モロッコの攻撃において中心的な役割を担うのが右サイド。独力で局面を打開できるハキミを大外レーン中心に動かしつつ、創造性豊かな左足を持つシエシュをハーフスペースに置いて攻撃を構築。とにかくハキミとシエシュの補完性は抜群。彼らを攻撃に集中できる状態に持ち込むためにもまずは、相手を押し込み、包囲状態に持ち込むまでが目下攻撃の大筋だった。

 ウナヒ、アムラバトら中盤センターがもたらすフィルターは強固。コヴァチッチですら簡単には運ばせてくれないほどの強烈なコンタクト、苦しい状況でも決して諦めないタフなメンタリティはモロッコにとって大黒柱となっていたはず。中盤を制すか、制されるかでゲームが大きく左右される状況だった。

どちらが優勢とも言えないシーソーゲーム

 17分にはペリシッチが相手のミスからボールを拾い、惜しいミドルを放つ。クロアチアとしては決してオープンな展開は望んでおらず(中盤の消耗がマッハになるため)、ボールを保持しつつ慎重な攻めが多いため決定機をなかなか作れない。対するモロッコも、相手を押し込めさえできれば自慢のパワーと右サイドで攻められるもののボールを保持できないので再現性が低い。お互いに睨み合いの時間帯が前半は多かった。前半ATには左SBソサとペリシッチでサイドを打開しクロス、中のヴラシッチが決定機を迎えるもゴールとは至らず折り返しとなった。

〇後半

モロッコ、全軍突撃
 

 クロアチアがハーフタイムで選手交代。右WGヴラシッチに代えてパシャリッチを投入した。ヴラシッチは42分ごろに接触で負傷していたようなので、その影響があったのかもしれない(プレーはしていたし、決定機もあったけれど)。

 前半との大きな違いで言えば、モロッコがより前線でのプレッシングを意識して行っていたこと。中盤底でフィルターに徹していたアムラバト然り、積極的にクロアチア中盤に対して食いついてボール奪取を狙っていく。53分にはクロアチアがCKから決定機を迎えるもモロッコがこれを凌ぐと、クロアチアは前半以上に前進の目途が立たなくなり効果的な攻撃を紡ぐことができない。

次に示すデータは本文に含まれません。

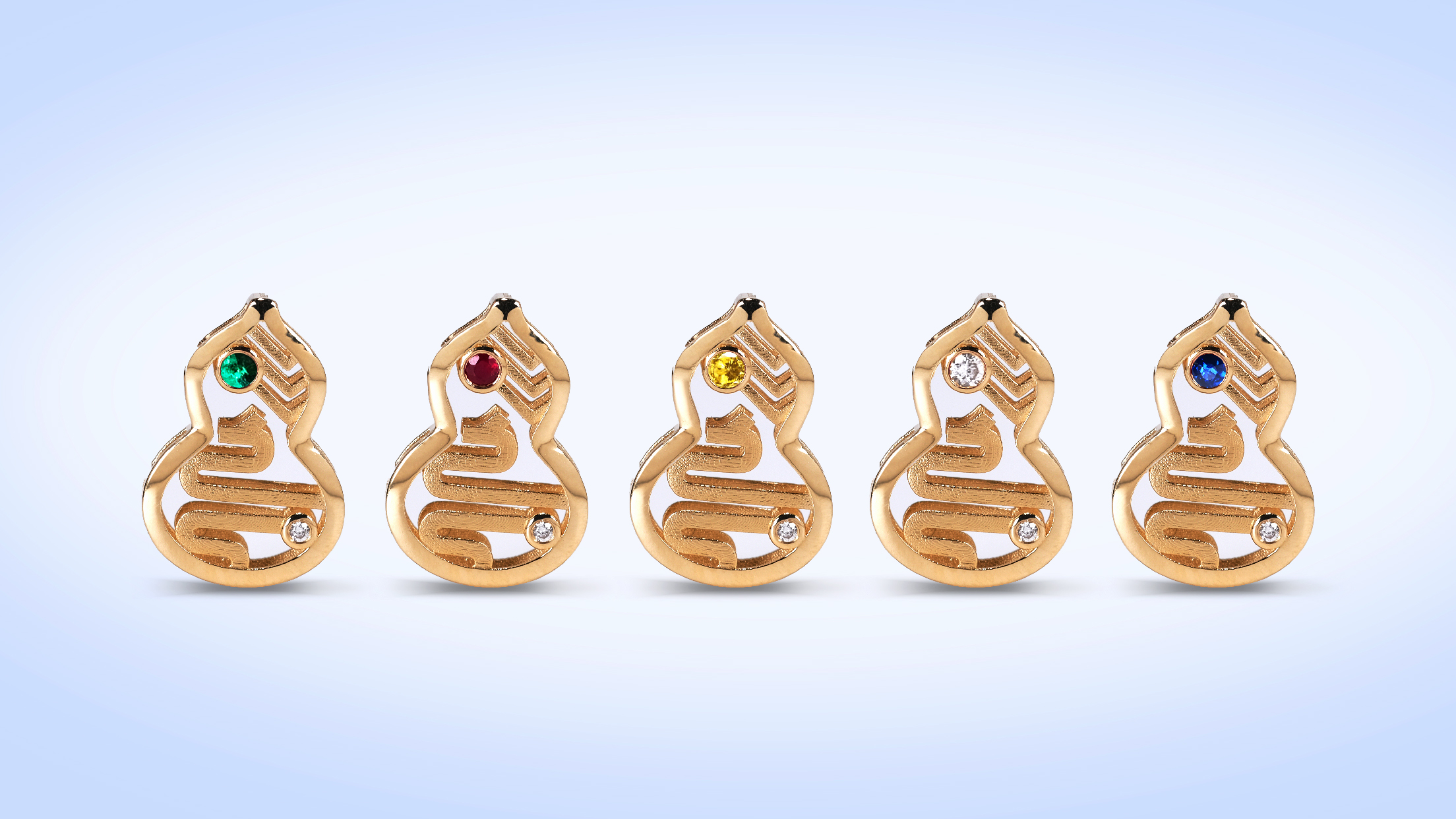 吉祥五色葫芦挂坠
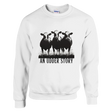 A cozy unisex sweatshirt featuring a bold graphic of three black cows standing in grass with the playful phrase “An Udder Story” beneath them. The design is printed on neutral-colored sweatshirts, including pink, grey, and white. Perfect for animal lovers, farmers, or anyone who enjoys humorous, farmhouse-inspired fashion.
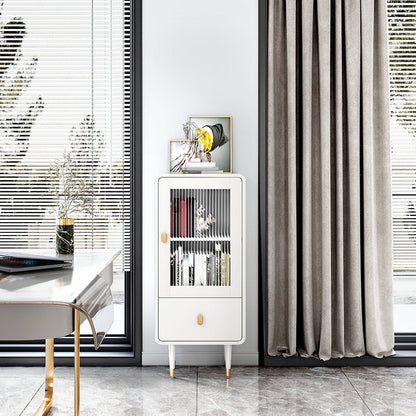 Modern Engineered Wood Bookcase Standard Closed Back Bookshelf with Doors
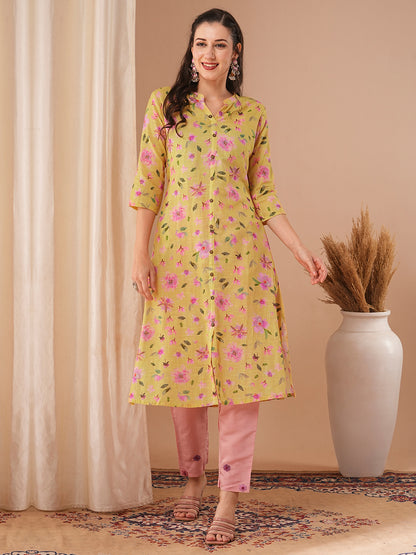 Floral Printed A-Line Kurta - Yellow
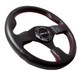 NRG Innovations 320MM Steering Wheel w/ Black Center, Red Stitching and Leather Grip - RST - 012R - RS - Subimods.com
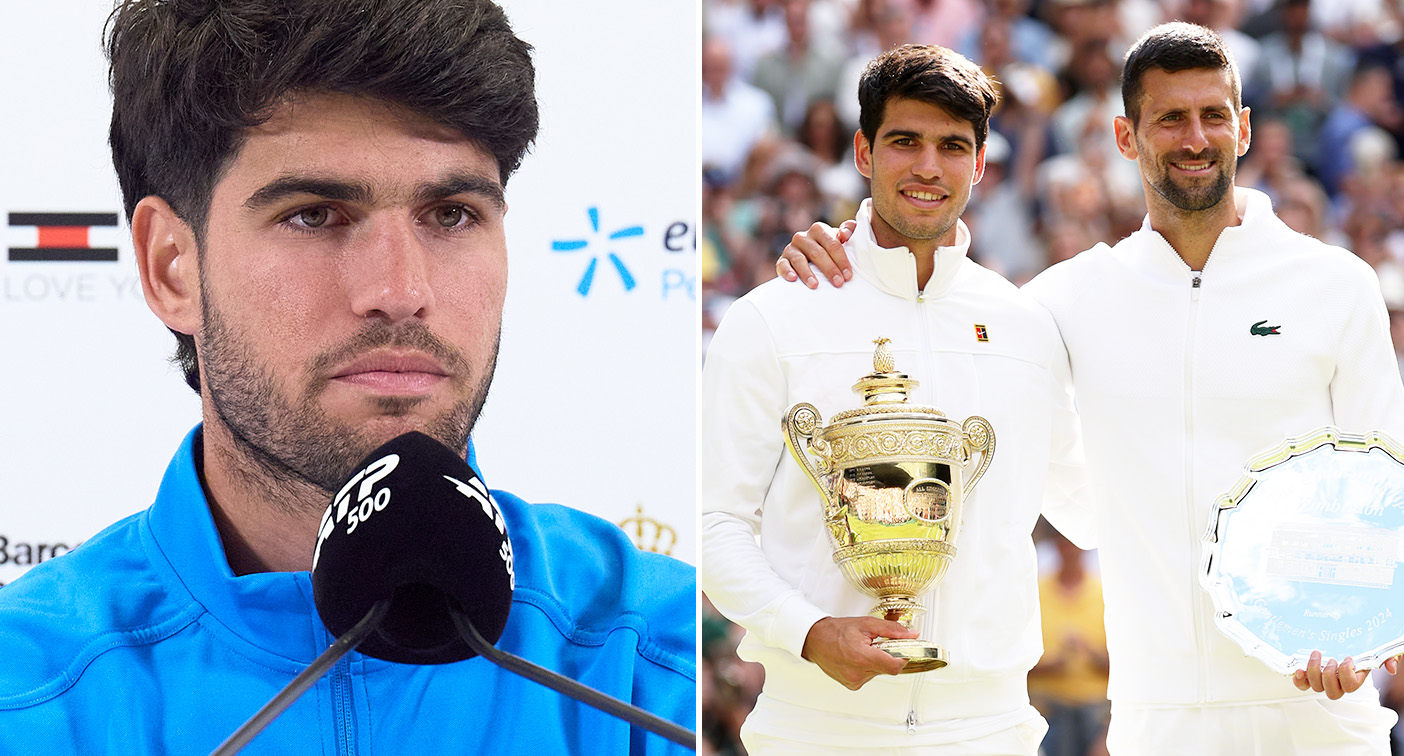 Two-time Wimbledon champion Carlos Alcaraz (L) has been forced to withdraw from this year's grass court grand slam due to an ongoing wrist injury. Pic: Getty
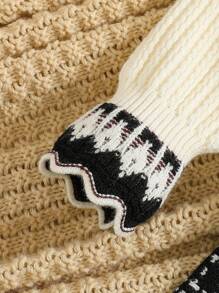 Young Girls' Sweater Co-Ords Knitted Set With Skirt, Casual & Elegant For Baby Girls With Vintage, Classic, And Quiet Style; Suitable For Staying At Home, , And Attending School With College & British Style - Black and White - View 4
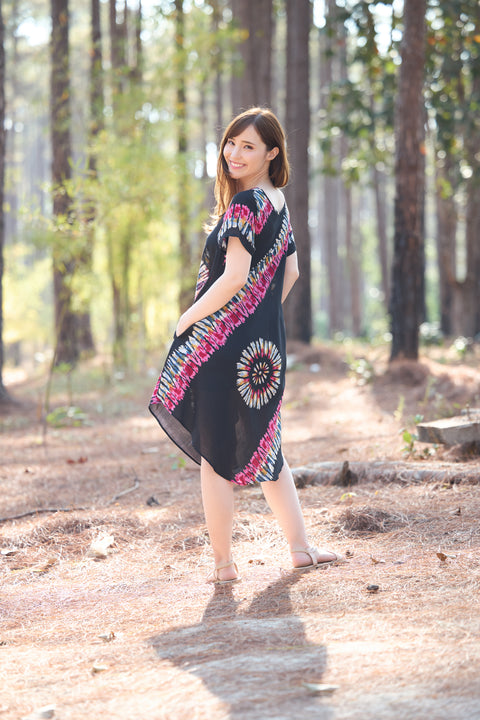 Black Printed Colorful Dress with Sleeves and Two Pockets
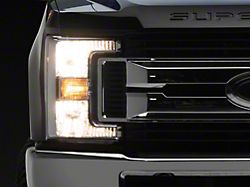 OEM Style Headlight; Chrome Housing; Clear Lens; Driver Side (17-19 F-350 Super Duty w/ Factory Halogen Headlights)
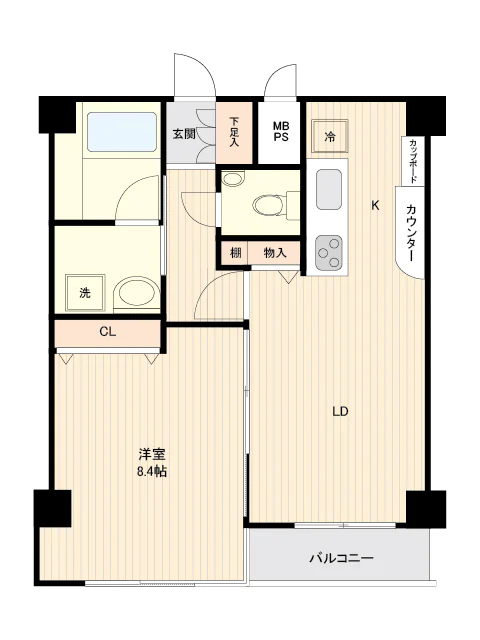 パークスクエア文京千石(旧千石マンション) 4階 1LDKの間取り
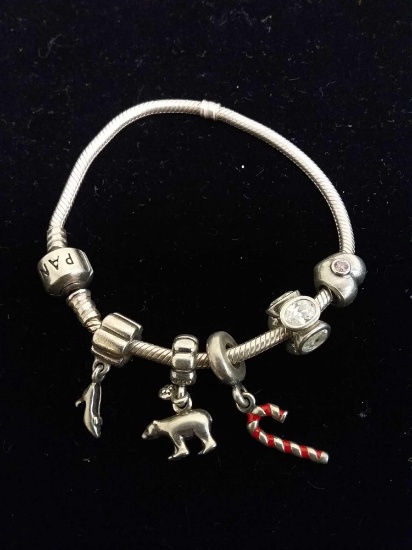 Pandora Designed 8" Long Snake Link Sterling Silver Bracelet w/ Five Designer Charms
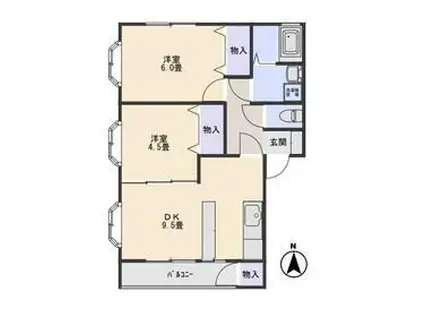 グランファーレA(2DK/2階)の間取り写真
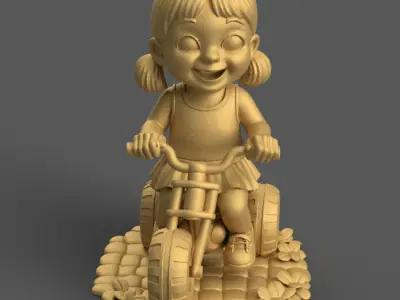 Cute Kid on Bike 3D STL File for Print 3D print model
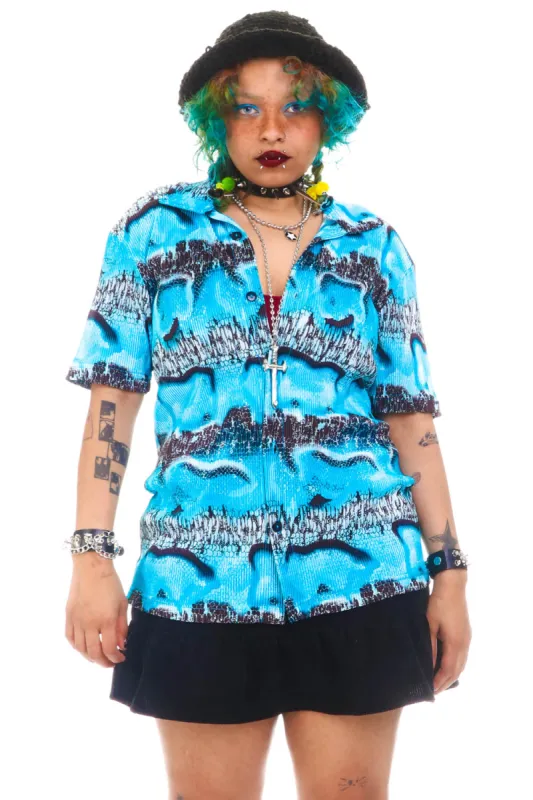 Vintage Y2K Reptilian Snake Blue Button Up - OSFM sold by Tunnel Vision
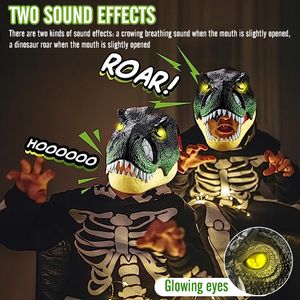 Masques de fête Halloween Masque de dinosaure électrique Simulation Tyrannosaurus LED Yeux et rugissement Masque facial Casque pour enfants Jurassic Animal Model Boys 230818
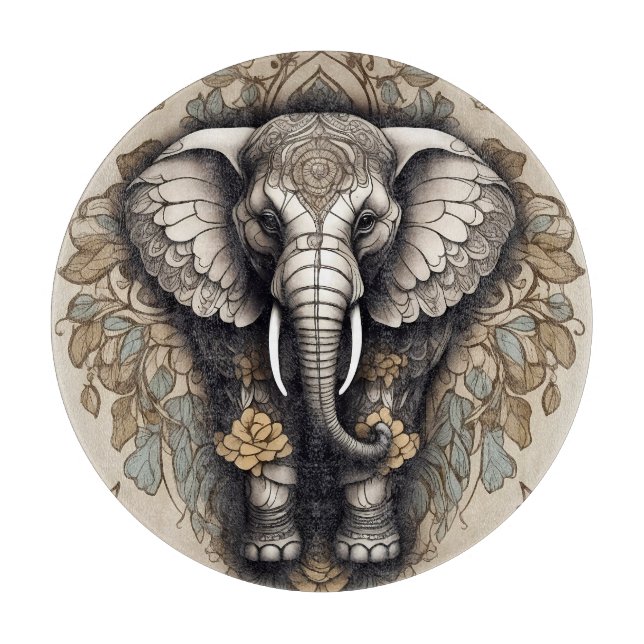 Majestic Elephant Mandala Cutting Board (Front)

モロッコとしては、前半の戦いぶりを見るにクロアチアが前線で時間を作れないと踏んで全軍突撃を仕掛けたのではなかろうか。勿論クロアチアも一発のあるメンツが揃ってはいるものの、あくまで中盤経由での攻撃にこだわっていたのも事実。そこを潰せば戦場を握れる、そう判断したのだろう。

 後半はモロッコの時間か!?と思ったのも束の間、54分マズラウィにアクシデント。相手ゴール前まで攻め込んでチャンスを迎えるも、相手選手との接触で負傷。一度はピッチに戻ったものの、結局60分アラーとの交代を余儀なくされてしまった。サイドを攻め込んで中央で仕上げるモロッコの攻撃においては痛すぎる交代となっただろう。

それでも中盤経由にこだわるクロアチア

 明らかにモロッコはクロアチアの中盤を潰しにきたのだが、意外だったのはそれでもクロアチアは中盤3人を中心とした攻撃にこだわったこと。ボール保持の位置を下げてでもモドリッチやブロゾビッチらがボールを受け、捌き、動かしていく。モロッコは当然ハイラインを敷いているので、広大なスペースが相手陣には広がっていた。個人的にはクラマリッチ然りがモロッコCBと駆け引きしてライン裏を強襲してもよかった気はするのだけれど、クロアチアCBは蹴っ飛ばすようなことはせずとにかくCH陣にボールを繋いでいた。こだわりが本当に強い。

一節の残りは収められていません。